The food keeps coming, until even the French can no longer eat. “I’m beat,” LeRoy says. “I just want to crawl under the table and sleep.”
“Me too.” But just when I’m hoping for nap time, Monsieur Cochon Grillé returns with a floor mic and places it at the head of the tables, next to what’s left of the pig.
“What’s this?” LeRoy asks me.
“I don’t know.”
I ask the lady next to me. “Qu’est-ce que c’est?”
“Le chant,” she says.
“Chanting,” I say to LeRoy. He’s Catholic, I figure he’ll understand.
“Who’s chanting? What?”
Two good questions, neither of which I answer.
We all sit there staring at the mic, waiting for something or someone to appear. Heads turn, people look down their row, left and right, across to the other side, at the doors, the windows, floor, ceiling.
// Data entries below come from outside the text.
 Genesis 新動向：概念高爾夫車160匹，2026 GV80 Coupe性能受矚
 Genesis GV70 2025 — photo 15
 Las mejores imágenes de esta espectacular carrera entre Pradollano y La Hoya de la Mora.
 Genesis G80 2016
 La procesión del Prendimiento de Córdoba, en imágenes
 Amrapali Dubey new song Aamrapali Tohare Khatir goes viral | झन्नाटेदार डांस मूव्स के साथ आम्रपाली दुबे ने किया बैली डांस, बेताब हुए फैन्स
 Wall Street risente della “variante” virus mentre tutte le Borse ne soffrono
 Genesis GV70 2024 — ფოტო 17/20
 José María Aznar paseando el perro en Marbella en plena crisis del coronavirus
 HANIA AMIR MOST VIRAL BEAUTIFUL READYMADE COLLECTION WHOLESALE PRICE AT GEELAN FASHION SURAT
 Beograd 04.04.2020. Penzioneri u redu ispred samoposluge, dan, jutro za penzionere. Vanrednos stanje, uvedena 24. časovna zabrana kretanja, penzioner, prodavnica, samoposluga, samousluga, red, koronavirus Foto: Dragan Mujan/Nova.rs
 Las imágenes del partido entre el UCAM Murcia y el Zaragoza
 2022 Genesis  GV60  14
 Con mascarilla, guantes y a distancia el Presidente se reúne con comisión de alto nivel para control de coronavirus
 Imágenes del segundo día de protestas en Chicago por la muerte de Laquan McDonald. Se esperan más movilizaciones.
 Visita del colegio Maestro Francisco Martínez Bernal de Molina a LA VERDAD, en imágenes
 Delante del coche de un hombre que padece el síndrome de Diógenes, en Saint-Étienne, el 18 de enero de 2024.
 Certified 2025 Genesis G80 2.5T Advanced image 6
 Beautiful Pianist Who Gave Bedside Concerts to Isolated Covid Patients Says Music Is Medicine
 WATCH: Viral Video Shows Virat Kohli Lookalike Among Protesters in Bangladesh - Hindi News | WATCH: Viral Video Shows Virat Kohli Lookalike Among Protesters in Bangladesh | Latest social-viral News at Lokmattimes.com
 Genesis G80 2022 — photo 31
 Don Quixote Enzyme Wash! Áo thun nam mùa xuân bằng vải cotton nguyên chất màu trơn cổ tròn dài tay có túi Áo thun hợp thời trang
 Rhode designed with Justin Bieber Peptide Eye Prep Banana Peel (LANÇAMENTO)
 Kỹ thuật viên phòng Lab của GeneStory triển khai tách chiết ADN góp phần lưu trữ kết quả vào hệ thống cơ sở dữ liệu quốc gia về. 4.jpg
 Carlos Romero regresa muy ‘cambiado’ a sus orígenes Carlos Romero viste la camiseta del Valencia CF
It’s like being in school when the teacher asks a question and no one knows the answer, and everyone’s thinking, ‘Please, God, not me,’ and hopes, if they don’t make eye contact they won’t be called. That’s what we’re all doing, when an old fellow—late seventies, early eighties—wearing pressed yellow slacks, a bright-blue shirt, and sandals pushes his chair back and walks from the back of the room to the mic. I’m wondering if this is a setup, if he’s a ringer like the “volunteers” at Cirque de Soleil, or if this is for real.